One of the main wineries I visited was in fact just a bit south of Calistoga. Clos Pegase was of particular interest not because of the wine per se (though the wine was quite good), but the owner's extensive art collection, mostly 20th century works. Among them are this monumental mobile by George Rickey:

George Rickey's work was familiar, having seen at least one other example at the New Orleans Museum of Art scupture garden during my trip last year.

This linear-geometric piece by Tony Smith really works with the rows of grape vines:

I often try to find just the perfect perspective when confronted with such strong lines. You can see another example (one of my favorite among my “art photos”) from the Getty Center in Los Angeles, one of several on my photography page (which I really need to update one of these days).

Another interesting geomtric metal piece, this one by Joel Shapiro:

Of course, the collection is not just abstract work. There were several figurative pieces as well, including this sculpture by Henry Moore, which appeared to have gotten the “John Ashcroft Treatment”:

Of course, they had wine, too. Of particular note was the cabernet franc. Most American winedrinkers will be familiar with cabernet sauvignon, which are often my favorite wines. “Cab franc” is another grape that is often used in blends, but Clos Pegase's solo version was a great discovery.
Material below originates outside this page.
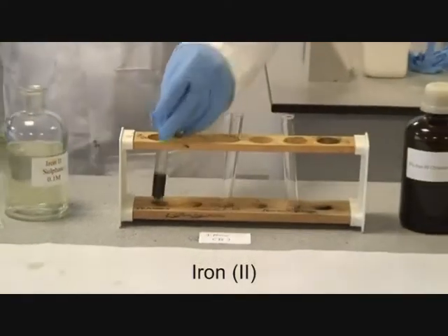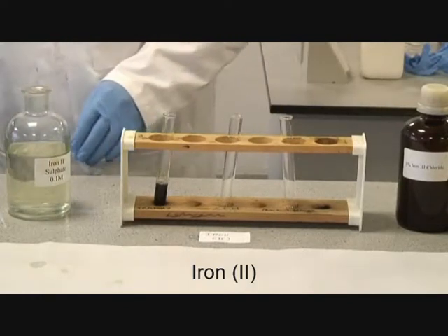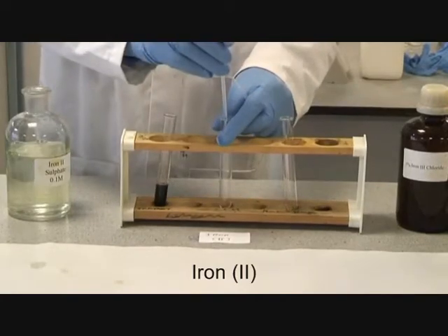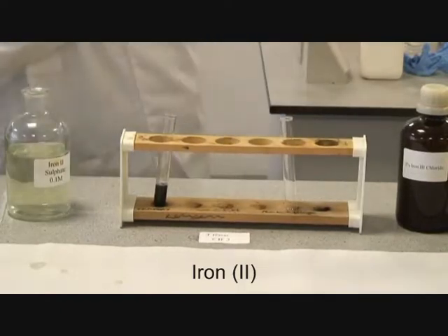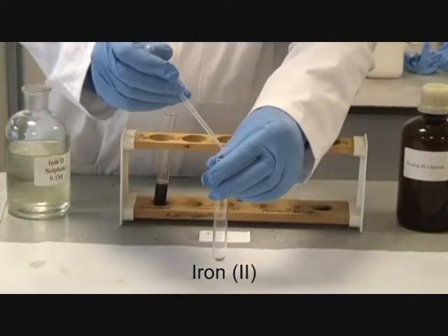No further effects. The addition of ammonia to iron 2.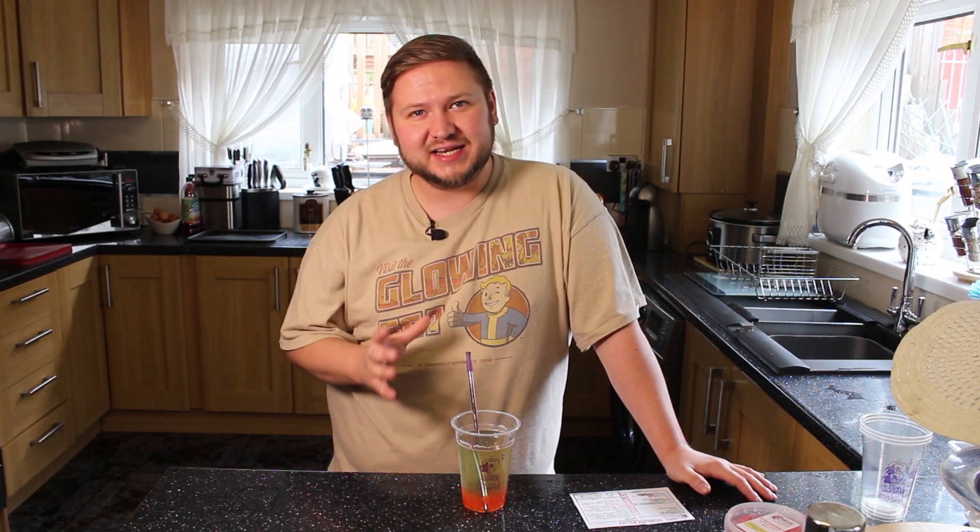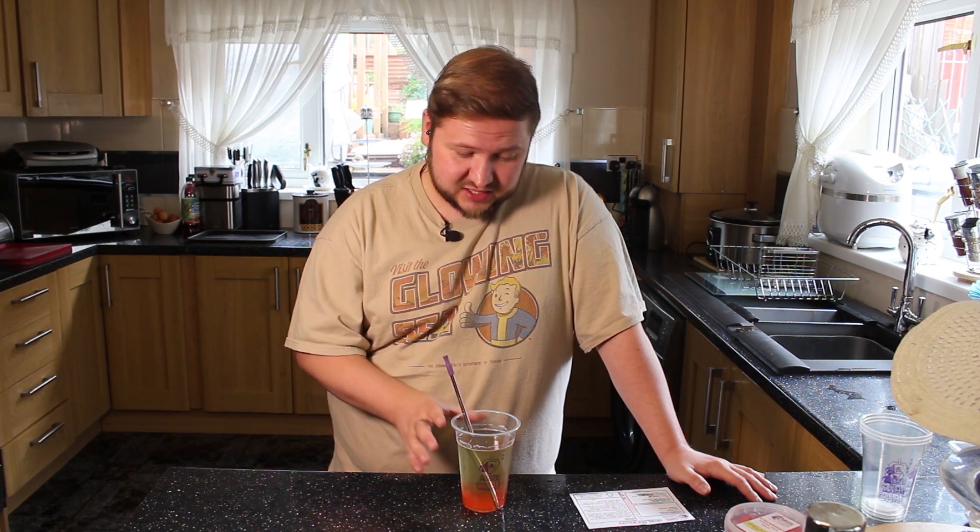It very much tastes like a bubble tea. So that's a win — that is a total win. You can make them from home, guys. There we go. That's a fantastic little drink you can do yourself at home.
The town of Calistoga is perhapsa better known for water than for wine. Calistoga gives its name to brand of mineral water popular here at CatSynth (though they were not offering tours despite the “come visit us sometime” suggestion on the label). It is also known for its many hot springs and spas. But beer? Well, it did try a very distinctive beer from the Russian River (in neighboring Sonoma County), with a rather sweet taste. Ironically, this was at wine bar that I stopped into while spending time until a spa appointment. This particular bar called out to me with its metalic modernist trendy urban look and vibe, compared to the general rustic charm of Calistoga – there is a definite “look” that most resort towns in northern California have that looks like a hybrid of Gold Rush and New Age. Nonetheless, I think I picked the right alternative for myself, and also enjoyed this little pasta-and-goat-cheese nibble.

I definitely recommend a wine-country trip for anyone in the extended Bay Area, though maybe not on the busiest travel weekend of the year. Maybe not a good trip for those who dislike wine, art and spa treatments. We at CatSynth refer to such people as “strange and weird.”